__Exercise objective__: Reproduce all entries precisely as they are written.

Data records
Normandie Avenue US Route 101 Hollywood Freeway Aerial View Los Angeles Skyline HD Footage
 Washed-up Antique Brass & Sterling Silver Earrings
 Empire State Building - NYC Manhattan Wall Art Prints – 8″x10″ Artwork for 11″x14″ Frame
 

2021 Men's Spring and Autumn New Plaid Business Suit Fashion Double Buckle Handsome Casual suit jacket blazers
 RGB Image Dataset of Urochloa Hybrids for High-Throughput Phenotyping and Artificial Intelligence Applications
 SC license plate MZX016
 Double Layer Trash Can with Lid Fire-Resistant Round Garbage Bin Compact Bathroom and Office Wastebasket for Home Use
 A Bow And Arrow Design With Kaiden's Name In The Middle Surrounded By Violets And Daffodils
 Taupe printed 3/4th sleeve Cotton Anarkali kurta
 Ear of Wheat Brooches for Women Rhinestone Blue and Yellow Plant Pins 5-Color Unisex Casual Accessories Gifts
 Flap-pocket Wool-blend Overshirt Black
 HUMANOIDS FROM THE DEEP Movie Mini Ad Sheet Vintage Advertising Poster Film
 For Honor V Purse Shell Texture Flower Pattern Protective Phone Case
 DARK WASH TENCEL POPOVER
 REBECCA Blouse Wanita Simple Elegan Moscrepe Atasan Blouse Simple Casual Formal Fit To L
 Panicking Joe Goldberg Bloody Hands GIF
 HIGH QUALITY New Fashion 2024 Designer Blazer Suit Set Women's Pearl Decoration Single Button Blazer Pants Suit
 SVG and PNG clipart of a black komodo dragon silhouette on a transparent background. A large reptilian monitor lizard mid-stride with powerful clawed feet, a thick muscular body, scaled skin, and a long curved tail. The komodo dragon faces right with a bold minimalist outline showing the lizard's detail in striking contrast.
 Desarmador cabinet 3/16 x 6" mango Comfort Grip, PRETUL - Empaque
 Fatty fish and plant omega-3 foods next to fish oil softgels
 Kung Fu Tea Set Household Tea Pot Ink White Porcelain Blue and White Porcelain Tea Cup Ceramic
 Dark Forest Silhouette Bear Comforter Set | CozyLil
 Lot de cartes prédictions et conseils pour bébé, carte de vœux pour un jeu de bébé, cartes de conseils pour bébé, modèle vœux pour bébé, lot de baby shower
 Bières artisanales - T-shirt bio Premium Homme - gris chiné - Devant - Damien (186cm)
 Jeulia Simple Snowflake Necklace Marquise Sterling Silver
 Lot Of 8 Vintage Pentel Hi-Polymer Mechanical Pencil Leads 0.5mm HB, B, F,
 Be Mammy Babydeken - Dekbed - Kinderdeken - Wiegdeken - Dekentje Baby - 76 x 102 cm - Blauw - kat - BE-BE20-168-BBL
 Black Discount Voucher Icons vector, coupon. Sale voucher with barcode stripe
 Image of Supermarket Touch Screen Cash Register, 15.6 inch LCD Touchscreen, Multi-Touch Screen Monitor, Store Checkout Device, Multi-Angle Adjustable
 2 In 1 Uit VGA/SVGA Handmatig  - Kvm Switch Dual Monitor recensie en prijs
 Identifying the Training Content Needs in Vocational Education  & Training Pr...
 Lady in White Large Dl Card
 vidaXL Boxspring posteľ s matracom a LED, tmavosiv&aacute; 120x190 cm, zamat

__Solution to this exercise__:
Normandie Avenue US Route 101 Hollywood Freeway Aerial View Los Angeles Skyline HD Footage
 Washed-up Antique Brass & Sterling Silver Earrings
 Empire State Building - NYC Manhattan Wall Art Prints – 8″x10″ Artwork for 11″x14″ Frame
 

2021 Men's Spring and Autumn New Plaid Business Suit Fashion Double Buckle Handsome Casual suit jacket blazers
 RGB Image Dataset of Urochloa Hybrids for High-Throughput Phenotyping and Artificial Intelligence Applications
 SC license plate MZX016
 Double Layer Trash Can with Lid Fire-Resistant Round Garbage Bin Compact Bathroom and Office Wastebasket for Home Use
 A Bow And Arrow Design With Kaiden's Name In The Middle Surrounded By Violets And Daffodils
 Taupe printed 3/4th sleeve Cotton Anarkali kurta
 Ear of Wheat Brooches for Women Rhinestone Blue and Yellow Plant Pins 5-Color Unisex Casual Accessories Gifts
 Flap-pocket Wool-blend Overshirt Black
 HUMANOIDS FROM THE DEEP Movie Mini Ad Sheet Vintage Advertising Poster Film
 For Honor V Purse Shell Texture Flower Pattern Protective Phone Case
 DARK WASH TENCEL POPOVER
 REBECCA Blouse Wanita Simple Elegan Moscrepe Atasan Blouse Simple Casual Formal Fit To L
 Panicking Joe Goldberg Bloody Hands GIF
 HIGH QUALITY New Fashion 2024 Designer Blazer Suit Set Women's Pearl Decoration Single Button Blazer Pants Suit
 SVG and PNG clipart of a black komodo dragon silhouette on a transparent background. A large reptilian monitor lizard mid-stride with powerful clawed feet, a thick muscular body, scaled skin, and a long curved tail. The komodo dragon faces right with a bold minimalist outline showing the lizard's detail in striking contrast.
 Desarmador cabinet 3/16 x 6" mango Comfort Grip, PRETUL - Empaque
 Fatty fish and plant omega-3 foods next to fish oil softgels
 Kung Fu Tea Set Household Tea Pot Ink White Porcelain Blue and White Porcelain Tea Cup Ceramic
 Dark Forest Silhouette Bear Comforter Set | CozyLil
 Lot de cartes prédictions et conseils pour bébé, carte de vœux pour un jeu de bébé, cartes de conseils pour bébé, modèle vœux pour bébé, lot de baby shower
 Bières artisanales - T-shirt bio Premium Homme - gris chiné - Devant - Damien (186cm)
 Jeulia Simple Snowflake Necklace Marquise Sterling Silver
 Lot Of 8 Vintage Pentel Hi-Polymer Mechanical Pencil Leads 0.5mm HB, B, F,
 Be Mammy Babydeken - Dekbed - Kinderdeken - Wiegdeken - Dekentje Baby - 76 x 102 cm - Blauw - kat - BE-BE20-168-BBL
 Black Discount Voucher Icons vector, coupon. Sale voucher with barcode stripe
 Image of Supermarket Touch Screen Cash Register, 15.6 inch LCD Touchscreen, Multi-Touch Screen Monitor, Store Checkout Device, Multi-Angle Adjustable
 2 In 1 Uit VGA/SVGA Handmatig  - Kvm Switch Dual Monitor recensie en prijs
 Identifying the Training Content Needs in Vocational Education  & Training Pr...
 Lady in White Large Dl Card
 vidaXL Boxspring posteľ s matracom a LED, tmavosiv&aacute; 120x190 cm, zamat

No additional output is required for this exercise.